Among those surveyed, 57% said men get credit for their ideas, 67% said men interrupt or talk over them and 45% have been patronized by peers or church members. “After my first sermon, a congregant asked my husband if he wrote my sermon,” one minister said.
“In light of the statistics about obstacles that women continue to encounter in ministry, there seems to be a disconnect between how well Baptists think they are supporting women in ministry and the reality of women’s experiences in their settings,” BWIM said in the report.
As a result, comments on the survey often reflected considerations or decisions to leave for other Christian traditions.
“While I still identify with my Baptist roots, I decided to move toward service in another denomination where I would be invited to serve as pastor and use the gifts I was given. I miss my connections with Baptist churches, but do not feel there is a place for me,” a pastor told BWIM.
Greater challenges for women of color
The survey also found that women of color in ministry have felt the challenge even more than white women. When asked if their leadership is perceived as controlling, angry or unlikeable, 65% of women of color said yes compared to 46% of white female clergy.
Likewise, 62% of women of color said their work contributions are ignored, compared to 44% of white female clergy. And when asked if people comment on their emotional states, 46% of women of color said yes versus 38% of white women.
BWIM found these disparities continued during the COVID-19 pandemic when 35% of women of color reported inadequate access to mental health care resources, while only 24% of white women said the same.

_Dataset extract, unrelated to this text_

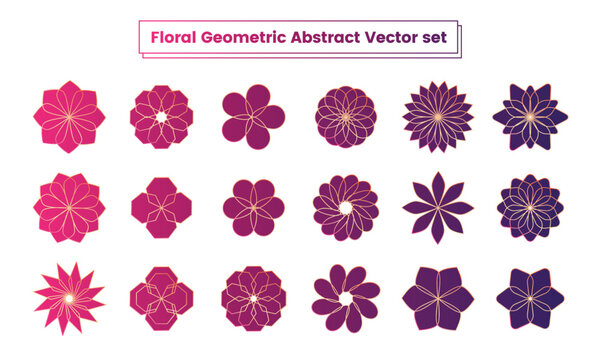 nature flower shapes line elements sticker gradient flat unique forms figure icon labels vector set radial floral bloom geometric abstract vector set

Lingering effects of pandemic
The BWIM report includes an entire section exploring the impact of the pandemic on Baptist women in ministry. It found that 72% experienced burnout, 48% faced more responsibilities at home and 50% felt pressured to spend more time in ministry. Another 42% said they considered “downshifting their ministry” or taking a leave of absence, and 34% actually left ministry due to the pandemic.
The pandemic, according to the report, “could set the progress of women’s representation in the workplace back half a decade, after many women left work due in part to burnout and increased caregiving responsibilities.”
BWIM concluded that there is much to cheer despite the roles of the pandemic, the continued decline of Baptist institutions and the gap between belief and practice contributing to the difficulties women face in ministry.
“There is cause for celebration about the trends of overall growth of women in ministry in the 2021 report. There is also a deep need for Baptists to reimagine the ways churches, institutions and our own attitudes toward women can develop into more expansive methods of growing support for women in ministry.”